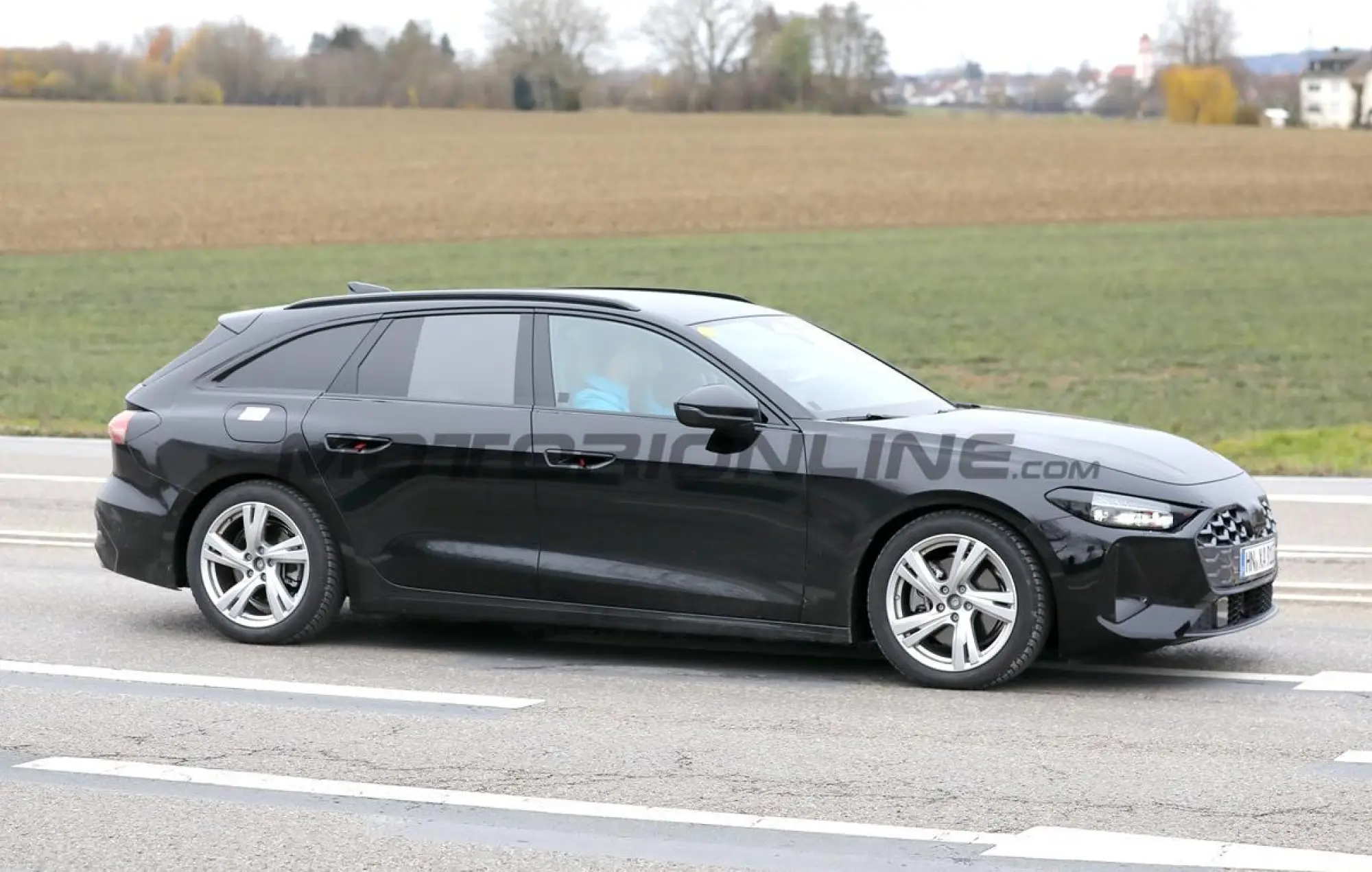 Audi A5 Avant - Foto spia 21-02-2024 - 2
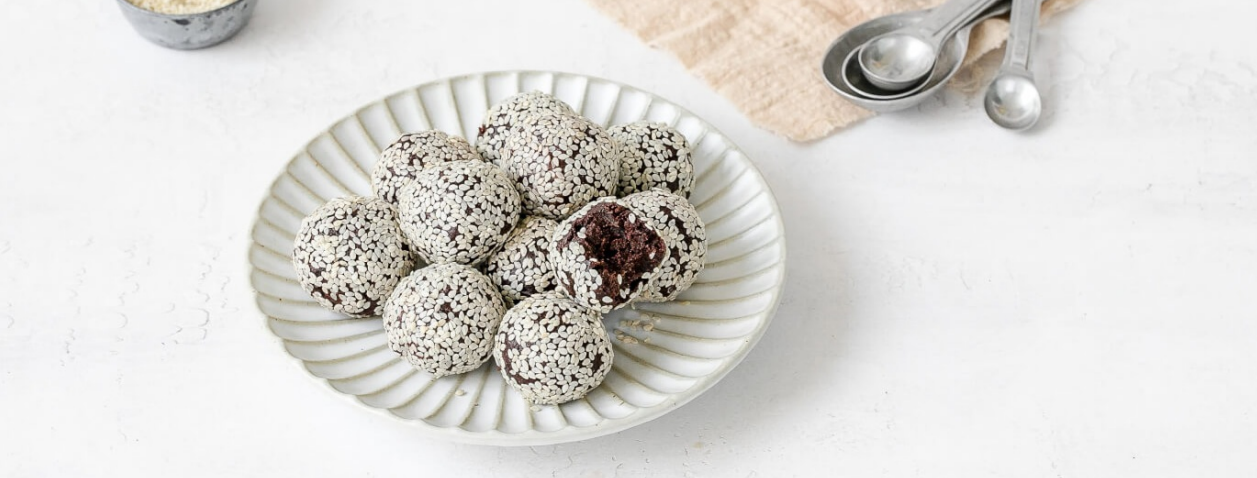Tahini Chocolate Energy Balls.png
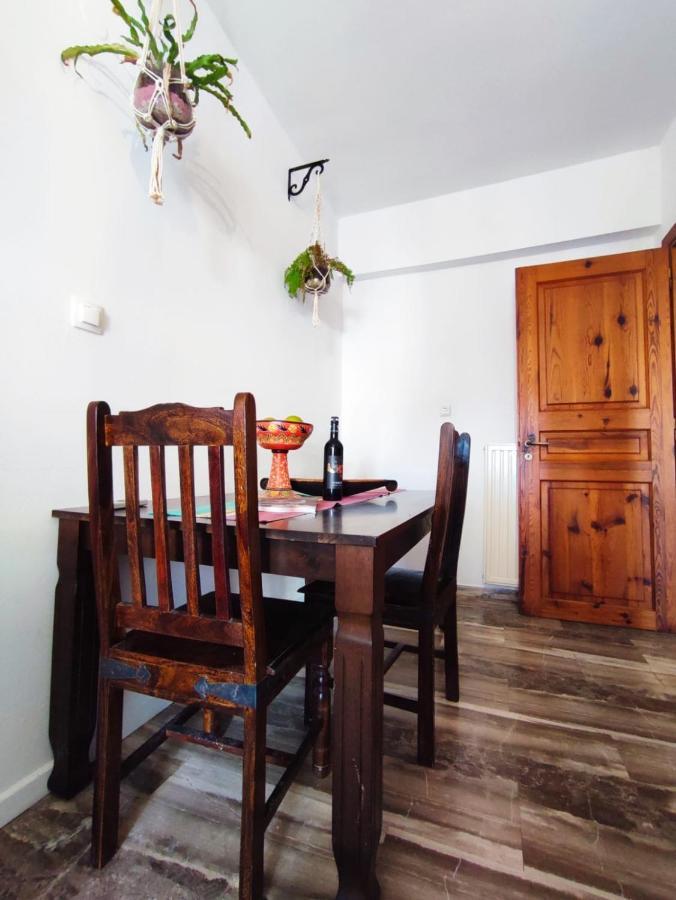 Lauren'S Charm Town Apartment Lefkáda Eksteriør billede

=== Assignment ===
What the answer needs is every line from the one containing "Tahini Chocolate Energy Balls.png" through the final line of the data above, copied exactly, without pictures.

=== Written response ===
Tahini Chocolate Energy Balls.png
 Lauren'S Charm Town Apartment Lefkáda Eksteriør billede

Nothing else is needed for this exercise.